[EXERCISE OBJECTIVE]:
Every line from the top of the material through the line holding "Verbeteren Ruwheid Kurkuma" should be copied exactly, and only those lines.

_____

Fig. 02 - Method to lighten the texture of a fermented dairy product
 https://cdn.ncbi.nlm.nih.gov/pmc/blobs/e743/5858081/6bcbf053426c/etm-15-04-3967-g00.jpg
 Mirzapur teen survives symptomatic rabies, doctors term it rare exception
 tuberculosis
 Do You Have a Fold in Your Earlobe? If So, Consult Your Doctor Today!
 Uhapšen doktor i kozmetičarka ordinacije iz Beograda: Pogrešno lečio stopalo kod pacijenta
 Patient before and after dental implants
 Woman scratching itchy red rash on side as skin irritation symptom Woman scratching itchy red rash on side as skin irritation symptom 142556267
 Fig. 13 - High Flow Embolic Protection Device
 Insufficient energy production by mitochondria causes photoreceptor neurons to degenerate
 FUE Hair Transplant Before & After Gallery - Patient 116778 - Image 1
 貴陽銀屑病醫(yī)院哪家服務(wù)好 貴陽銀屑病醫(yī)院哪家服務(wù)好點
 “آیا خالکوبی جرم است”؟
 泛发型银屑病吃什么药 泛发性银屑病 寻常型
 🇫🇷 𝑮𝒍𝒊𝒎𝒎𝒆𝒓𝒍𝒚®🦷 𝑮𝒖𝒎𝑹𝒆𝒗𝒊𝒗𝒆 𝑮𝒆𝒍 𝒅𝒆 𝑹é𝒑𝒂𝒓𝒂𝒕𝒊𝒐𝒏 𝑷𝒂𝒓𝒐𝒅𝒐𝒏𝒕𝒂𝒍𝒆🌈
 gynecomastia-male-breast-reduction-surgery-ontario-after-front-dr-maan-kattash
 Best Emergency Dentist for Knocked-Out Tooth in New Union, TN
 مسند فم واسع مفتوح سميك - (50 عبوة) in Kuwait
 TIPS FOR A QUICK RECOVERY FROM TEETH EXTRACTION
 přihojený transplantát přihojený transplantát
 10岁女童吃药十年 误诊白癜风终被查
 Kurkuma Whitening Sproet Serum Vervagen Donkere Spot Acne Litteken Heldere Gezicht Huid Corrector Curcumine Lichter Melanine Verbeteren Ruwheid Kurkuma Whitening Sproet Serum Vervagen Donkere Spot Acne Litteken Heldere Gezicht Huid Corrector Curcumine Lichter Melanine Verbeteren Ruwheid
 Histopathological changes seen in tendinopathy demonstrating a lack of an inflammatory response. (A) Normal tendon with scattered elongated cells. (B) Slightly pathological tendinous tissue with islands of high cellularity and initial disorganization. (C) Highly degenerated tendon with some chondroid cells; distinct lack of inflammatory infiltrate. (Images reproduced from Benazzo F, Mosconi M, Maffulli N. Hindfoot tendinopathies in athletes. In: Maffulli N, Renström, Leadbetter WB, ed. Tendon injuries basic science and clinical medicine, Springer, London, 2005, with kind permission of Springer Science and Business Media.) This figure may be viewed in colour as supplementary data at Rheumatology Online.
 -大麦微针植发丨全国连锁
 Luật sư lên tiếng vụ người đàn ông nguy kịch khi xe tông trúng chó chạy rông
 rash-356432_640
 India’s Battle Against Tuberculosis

_____

[SOLUTION TO THIS PROBLEM]:
Fig. 02 - Method to lighten the texture of a fermented dairy product
 https://cdn.ncbi.nlm.nih.gov/pmc/blobs/e743/5858081/6bcbf053426c/etm-15-04-3967-g00.jpg
 Mirzapur teen survives symptomatic rabies, doctors term it rare exception
 tuberculosis
 Do You Have a Fold in Your Earlobe? If So, Consult Your Doctor Today!
 Uhapšen doktor i kozmetičarka ordinacije iz Beograda: Pogrešno lečio stopalo kod pacijenta
 Patient before and after dental implants
 Woman scratching itchy red rash on side as skin irritation symptom Woman scratching itchy red rash on side as skin irritation symptom 142556267
 Fig. 13 - High Flow Embolic Protection Device
 Insufficient energy production by mitochondria causes photoreceptor neurons to degenerate
 FUE Hair Transplant Before & After Gallery - Patient 116778 - Image 1
 貴陽銀屑病醫(yī)院哪家服務(wù)好 貴陽銀屑病醫(yī)院哪家服務(wù)好點
 “آیا خالکوبی جرم است”؟
 泛发型银屑病吃什么药 泛发性银屑病 寻常型
 🇫🇷 𝑮𝒍𝒊𝒎𝒎𝒆𝒓𝒍𝒚®🦷 𝑮𝒖𝒎𝑹𝒆𝒗𝒊𝒗𝒆 𝑮𝒆𝒍 𝒅𝒆 𝑹é𝒑𝒂𝒓𝒂𝒕𝒊𝒐𝒏 𝑷𝒂𝒓𝒐𝒅𝒐𝒏𝒕𝒂𝒍𝒆🌈
 gynecomastia-male-breast-reduction-surgery-ontario-after-front-dr-maan-kattash
 Best Emergency Dentist for Knocked-Out Tooth in New Union, TN
 مسند فم واسع مفتوح سميك - (50 عبوة) in Kuwait
 TIPS FOR A QUICK RECOVERY FROM TEETH EXTRACTION
 přihojený transplantát přihojený transplantát
 10岁女童吃药十年 误诊白癜风终被查
 Kurkuma Whitening Sproet Serum Vervagen Donkere Spot Acne Litteken Heldere Gezicht Huid Corrector Curcumine Lichter Melanine Verbeteren Ruwheid Kurkuma Whitening Sproet Serum Vervagen Donkere Spot Acne Litteken Heldere Gezicht Huid Corrector Curcumine Lichter Melanine Verbeteren Ruwheid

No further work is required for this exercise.